I wonder if these vertical forces can be utilized as well, since they are quite big.

[ayeaye]

Dunno. Try to measure all forces. If you can put the moving magnet to the other side of the aluminum bar and the big magnet at the right distance from it, then you can also measure forces when the vertical force is up and not down. I tried to measure these too, but other than the forces at the left and right that i measured, i couldn't find any other horizontal measurable forces, that is not any strong enough to be measured.

Also, try to measure friction at all points, by measuring force just before the magnet starts to move in the direction pulled, and the force just before the magnet starts to move in the opposite direction. It is a bit tricky, and with spring scales i couldn't do that very well, with electronic scales it may be easier. Then you can calculate the real force and friction at any point. The friction forces appeared to be not that great, and shouldn't change the general result, but as a matter of accuracy they should be measured.

The most important is to measure overunity beyond any doubt. That has a great theoretical importance.

Other than that, trying to find ways how to increase the energy gain, and maybe trying to achieve acceleration. That is magnet entering the field with speed and no initial force, and exiting the field with increased speed. That is going through all the field, with gaining speed. When that happens, then that alone is enough to show overunity.

"I wonder if these vertical forces can be utilized as well, since they are quite big."

Mechanically it may be difficult. But say when the forces are enough to make a disk to rotate. Then a small axial movement of the big magnet can be utilized in an electromagnetic way, to get energy, without decreasing the energy that causes rotation.

[telecom]

Dunno. Try to measure all forces. If you can put the moving magnet to the other side of the aluminum bar and the big magnet at the right distance from it, then you can also measure forces when the vertical force is up and not down. I tried to measure these too, but other than the forces at the left and right that i measured, i couldn't find any other horizontal measurable forces, that is not any strong enough to be measured.

Also, try to measure friction at all points, by measuring force just before the magnet starts to move in the direction pulled, and the force just before the magnet starts to move in the opposite direction. It is a bit tricky, and with spring scales i couldn't do that very well, with electronic scales it may be easier. Then you can calculate the real force and friction at any point. The friction forces appeared to be not that great, and shouldn't change the general result, but as a matter of accuracy they should be measured.

The most important is to measure overunity beyond any doubt. That has a great theoretical importance.

Other than that, trying to find ways how to increase the energy gain, and maybe trying to achieve acceleration. That is magnet entering the field with speed and no initial force, and exiting the field with increased speed. That is going through all the field, with gaining speed.

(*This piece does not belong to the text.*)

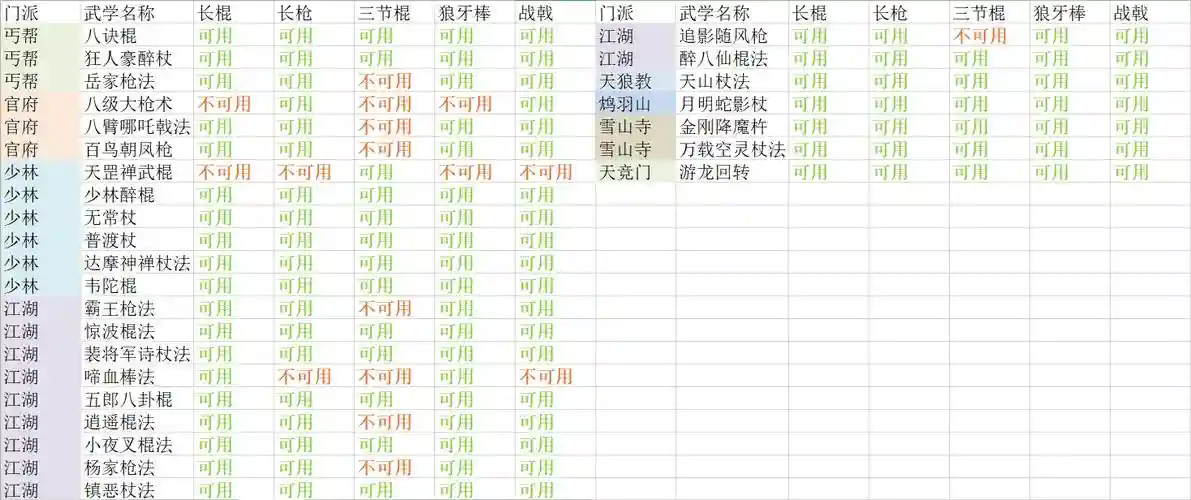 放置江湖支线装备，放置江湖装备攻略插图1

When that happens, then that alone is enough to show overunity.

"I wonder if these vertical forces can be utilized as well, since they are quite big."

Mechanically it may be difficult. But say when the forces are enough to make a disk to rotate. Then a small axial movement of the big magnet can be utilized in an electromagnetic way, to get energy, without decreasing the energy that causes rotation.

Yes will try playing some more with this setup.
The disc idea may work, since we can try using rotational momentum of the vertical forces.

[ayeaye]

More about friction. Yes there is static friction and dynamic friction. Maximum static friction is  us * N  and dynamic friction is  uk * N , where N is the force perpendicular to the surface, and us and uk are coefficients of maximum static friction and dynamic friction. Dynamic friction doesn't depend on speed. The Coulomb model of friction.

Maximum static friction may be greater than dynamic friction, though on dry surfaces there may not be much difference. But regardless, we only need to know the maximum static friction.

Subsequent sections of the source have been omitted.